Hart recommença à scruter le ciel. Tessien l’avait retrouvée à Idaho Falls. De là, il était parti en chasse.
Katherine attendait son retour à côté du quatre-quatre Chevrolet qu’elle avait loué à Grand Forks. Elle n’aimait pas ce rendez-vous en plein air. Mais dans la région, il n’existait pas de bâtiment assez grand pour accueillir le serpent à plumes.
La rue où elle faisait le guet était la plus déserte du village. Quand Tessien arriverait, ça n’inciterait aucun badaud de plus à venir s’y promener.
Si Tessien arrivait.
Avec le soir, le fond de l’air se fit plus frais. Hart se demanda si elle n’allait pas attendre à l’intérieur du véhicule. Quand la brise lui fouetta le visage, elle trouva la réponse à cette question. C’était oui.
Puis elle sentit une forte odeur de fauve.
Tessien tournait au-dessus d’elle.
Il se posa près de la voiture et posa la tête sur le capot. Les suspensions grincèrent sinistrement.
— C’est fait.
— Il est vraiment mort ?
— Le panzer est détruit. Verner n’est plus qu’un tas de cendres.
— Ça s’est passé où ?
— Au nord-est, à trois heures de vol d’ici.
— Des témoins ?
— Personne. C’est la mesa, tu sais…
— Parfait. Drake ne saura jamais rien de notre opération de nettoyage. S’il avait appris que Verner courait encore, je n’aurais pas donné cher de nos peaux…
— La tienne aurait été plus facile à percer que la mienne…
— Il aurait trouvé un moyen, fais-lui confiance… (Elle écarta la queue couverte d’écaillés qui la séparait de la portière du quatre-quatre.) Allez, retournons à la civilisation !
* * *
La sasquatch sortit de l’ombre quand l’elfe et le dragon eurent disparu. Psalmodiant son leitmotiv : « Du fric, du fric ! », elle chemina en titubant. Après avoir passé une douzaine de maisons, elle s’engagea dans une ruelle.

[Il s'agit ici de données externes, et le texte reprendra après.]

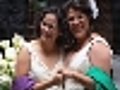 Two Mexican women first to wed in Latin America | BahVideo.com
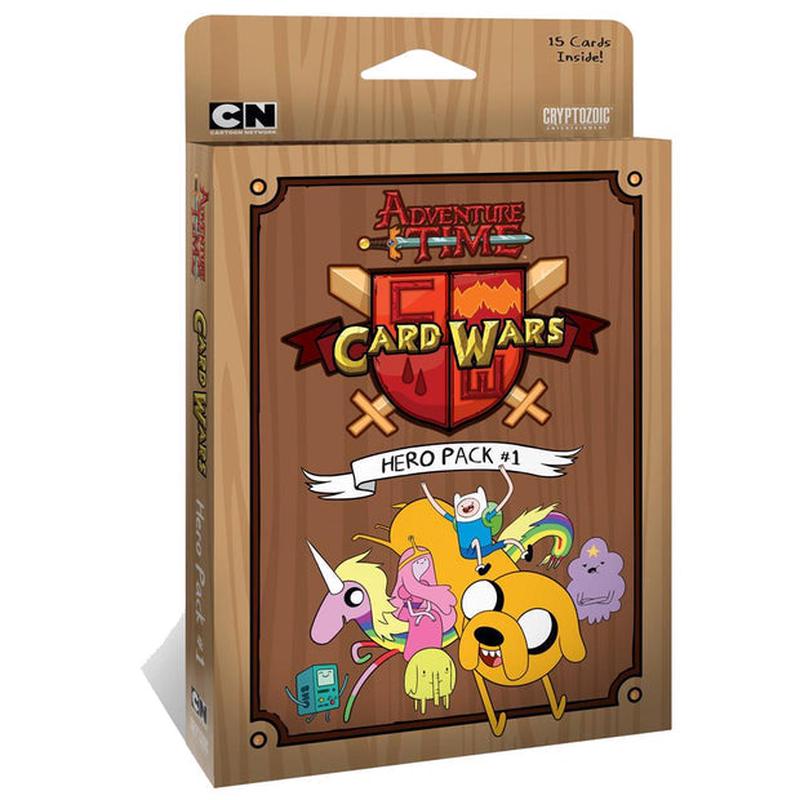 Adventure Time - Card Wars Hero Pack #1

D’un pas soudain assuré, elle s’approcha d’une voiture. C’était un modèle de luxe. On n’en voyait pas souvent dans ce coin perdu.
La sasquatch tourna la tête à droite et à gauche. Satisfaite que personne ne l’observe, elle ouvrit la portière et se glissa à la place du chauffeur.
Dans le réfrigérateur du véhicule, elle pécha un paquet et le défit avec un soupir d’aise. La viande crue était son péché mignon. En mangeant, elle réfléchit aux derniers événements.
Le dragon avait réussi à éliminer le runner et le corporatiste. Voilà qui n’allait pas plaire à son maître, quand elle lui dirait. Pas lui plaire du tout, même…
Le porteur de mauvaise nouvelle avait souvent intérêt à s’entourer de précautions. Avant d’affronter l’ire de son employeur, elle devait s’assurer que le dracomorphe ne s’était pas vanté.
Mais où chercher ? Le rapport du serpent à plumes était des plus vagues. Au nord-est, à trois heures de vol d’ici. Cela faisait un sacré terrain à explorer.
Il lui fallait un hélicoptère. En voiture, cela prendrait trop longtemps. Et si Hart avait l’idée saugrenue d’inspecter la carcasse du panzer, ce serait le meilleur moyen de finir grillée.
Un hélico, oui ! Si possible plus rapide qu’un serpent à plumes…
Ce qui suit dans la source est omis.